Another pattern observed by Woloson was the tendency of pawnbrokers to expand and pass down their businesses within their families.  “Established, successful pawnshops were often passed down through single families rather than being taken over by outside partners; younger generations grew up in the trade and learned from fathers, uncles, and brothers, thus providing steady income to families over generations and contributing to social and economic stability where pawnbrokers resided.”  (p. 74)

Finally, Woloson also discusses the relative economic success of pawnbrokers, debunking the myth that many were wealthy as a result of the exploitation of those of lesser means.  She wrote:

Like many other businessmen operating in interstitial markets, most pawnbrokers worked the margins. Once they reached their professional apex, they typically did not advance much beyond the class of their customers and failed to accumulate enough capital to invest in larger financial endeavors that would have elevated them socially and economically. A pawnbroker’s profits were tied to the economic fortunes of his customers, and he often suffered losses at auctions of unredeemed collateral, especially during economic crunches. Pawnbrokers running shops in smaller cities necessarily supplemented the lending business with other petty entrepreneurial activities. Average pawnbrokers made enough money to support their families and to keep the business going, but probably not much more.  (p. 75)

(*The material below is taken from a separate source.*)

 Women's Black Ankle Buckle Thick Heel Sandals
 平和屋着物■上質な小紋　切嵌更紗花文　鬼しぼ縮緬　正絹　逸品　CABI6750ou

I am really glad that I found this book because it has really given me a new perspective on my Cohen ancestors.  Compared to my Brotman and Goldschlager relatives, I’d always imagined that my Cohen relatives were wealthy and established.  Of course, by the late 19th century, early 20th century when my mother’s family started to arrive from Galicia and Romania, the Cohens had already been here for about 50 years and were well-settled, owning their own businesses, speaking English, and American-born.  They had the advantages of being here much earlier and so were far ahead economically when my mother’s family arrived.  But they were not the wealthy elite; they were probably at most middle class business people who were working in unpleasant neighborhoods, subjected to negative stereotypes based on their trade as well as their religion, and engaged in a business that required some risk-taking and business acumen but was not well-regarded.  That must have been very painful and frustrating.

Having this new perspective will help me better understand their lives as I continue to move forward in telling their story.